**Exercise objective:** Could you repeat, word for word, the line with "بی لیك وقلاب" and every line after it in the records below, leaving out any pictures?

**Records for this exercise:**

----------

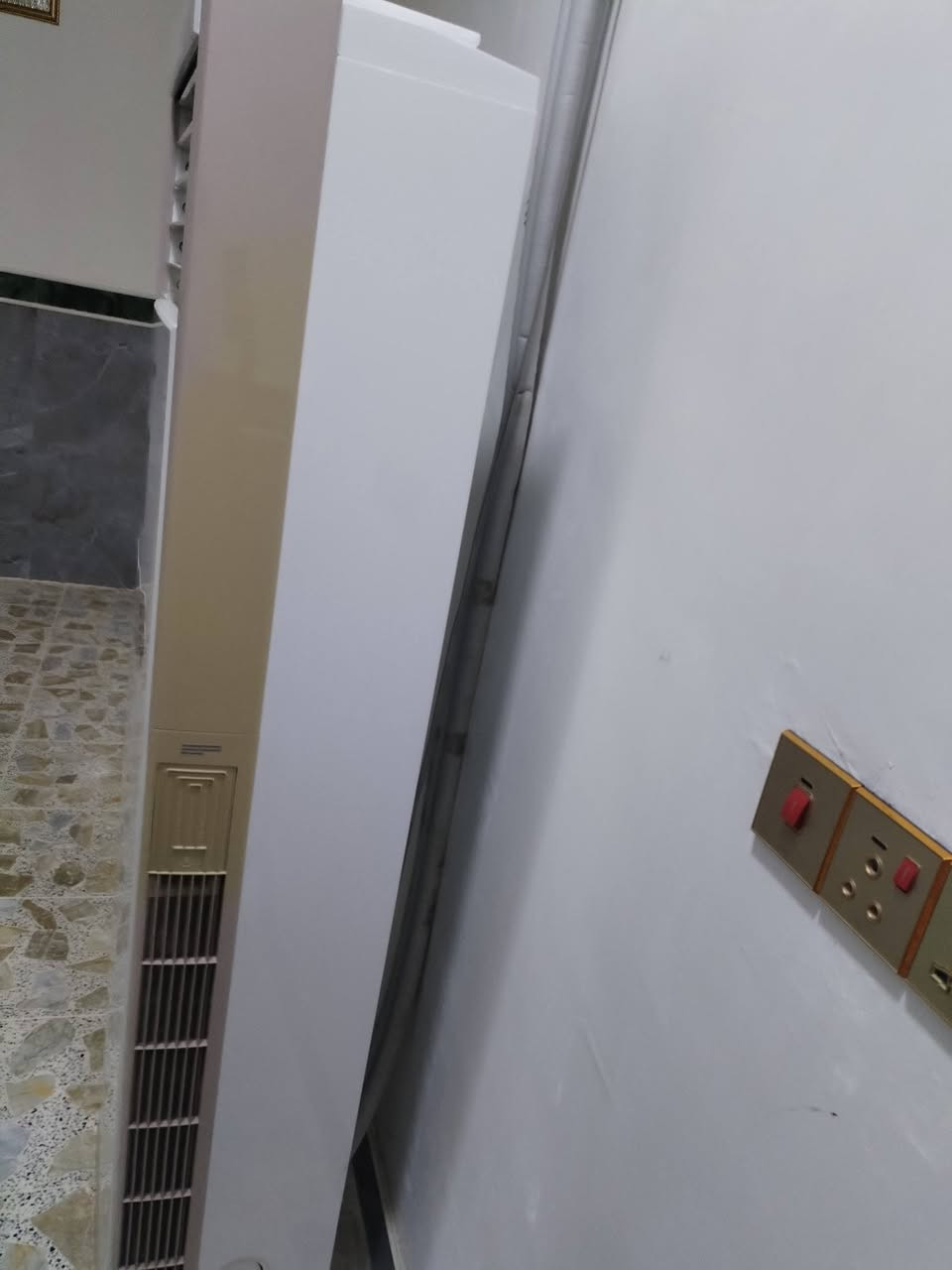 السلام علیکم سبلت 2 طن ونص انفیتر
بی لیك وقلاب ملغي مالته ابيع هل موجود حته مااتفشل ويك جهاز جديد حيل مكاني كوفه سعره 400 وبي مجال كلش بسيط
***********

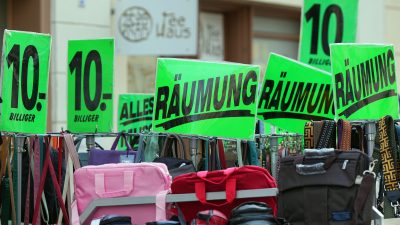 Weniger Konsum, geringere Erwartungen: Verbraucherstimmung verschlechtert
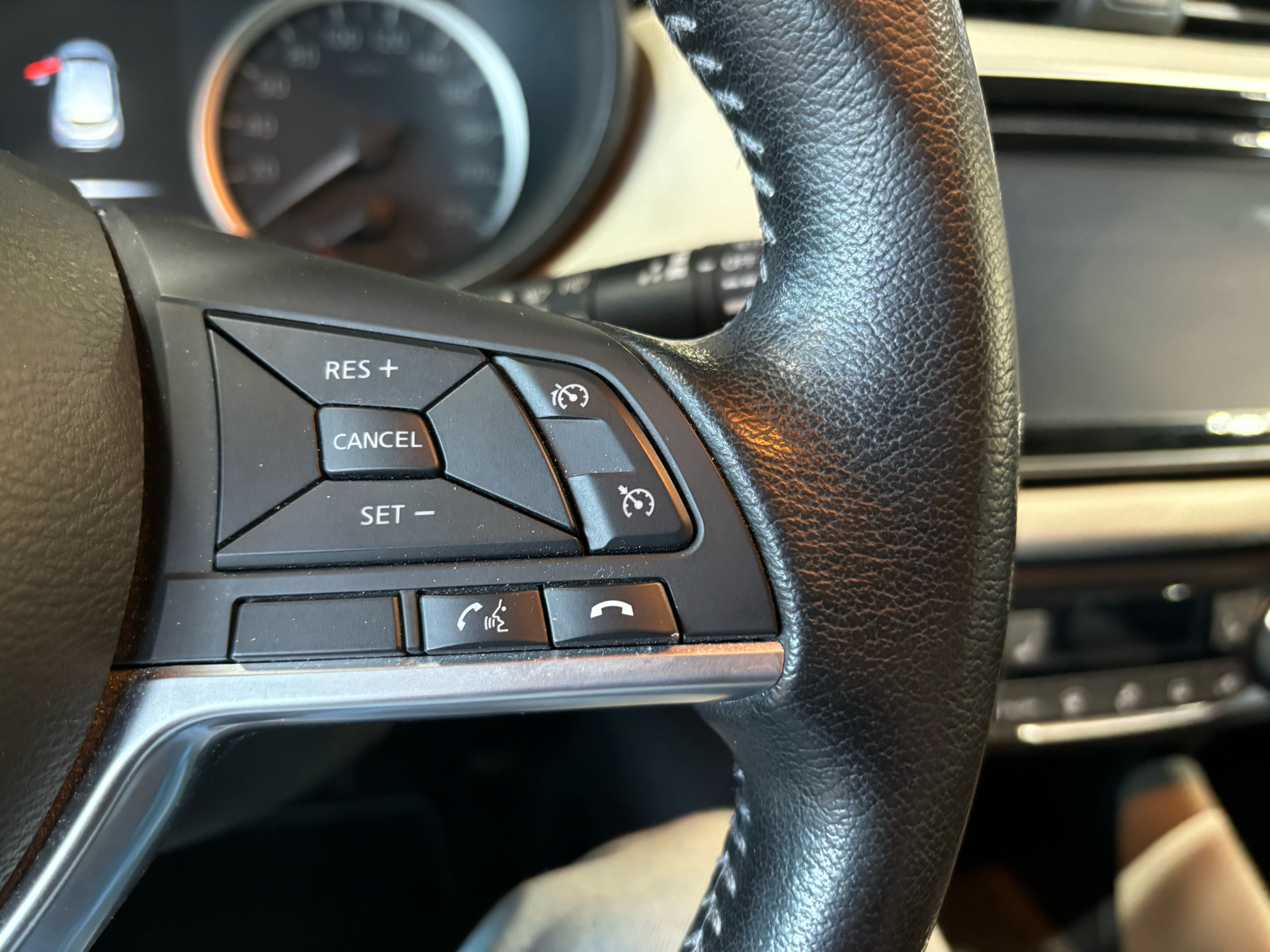 Billede af Nissan Micra 0,9 IG-T Tekna Start/Stop 90HK 5d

----------

**Response for this exercise:**
بی لیك وقلاب ملغي مالته ابيع هل موجود حته مااتفشل ويك جهاز جديد حيل مكاني كوفه سعره 400 وبي مجال كلش بسيط
***********

 Weniger Konsum, geringere Erwartungen: Verbraucherstimmung verschlechtert
 Billede af Nissan Micra 0,9 IG-T Tekna Start/Stop 90HK 5d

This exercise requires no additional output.